The normal way of reading such a sentence is to apply the assumed missing information from the first part to the second part:
✘ I have read and [I have] agree with the terms and conditions.
That, however, is wrong. As you've said, it can be explicitly fixed by repeating the use of the subject (without the auxiliary verb), in order to make the conjugation clear:
I have read and I agree with the terms and conditions.
However, even though that is now grammatical, it's still slightly odd to be mixing verb tenses in this way.
Typically, they would both be in the past tense or the present tense:
✔ I read and agree with the terms and conditions.
✔ I have read and agreed with the terms and conditions.

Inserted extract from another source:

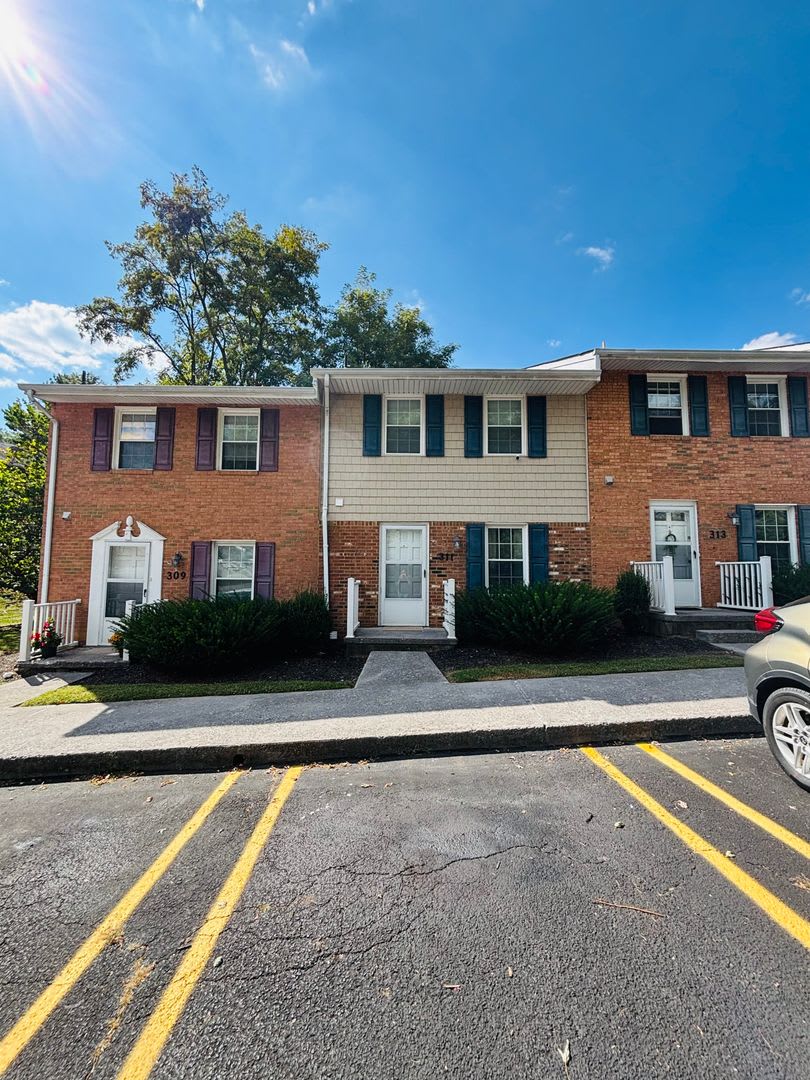 2 Bedroom, 1.5 Bath Townhouse – photo 1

In this case, even though only slightly strange, the mixing of verb tenses isn't really a problem.
But it would be a clear problem if the sentence used different words.
Consider this:
✔ I have understood and signed the document.
✔ I understand and sign the document.
But:
✘ I understood and sign the document.
✘ I understood and I sign the document.
And to compare it to your sentence:
❔ I have read and agree with the terms and conditions.
❔ I have read and I agree with the terms and conditions.
What makes this interesting is that while we reject understood and sign because of the mix of past and present tenses, your exactly constructed sentence (but with read and agree) may arguably be idiomatic.
(Why your version doesn't sound immediately wrong may have something to do with the fact that the past tense and present tense of read are spelled identically, even though they are pronounced differently. Or it may have something to do with agree being a condition that continues from the past into the present, rather than a one-time event like sign.)
Still, if I force myself to view your sentence in the same way as the other sentence, it seems less acceptable to me. So, from this strict perspective, if you want to be consistent about this particular sentence construction, it would be best to avoid mixing the tenses.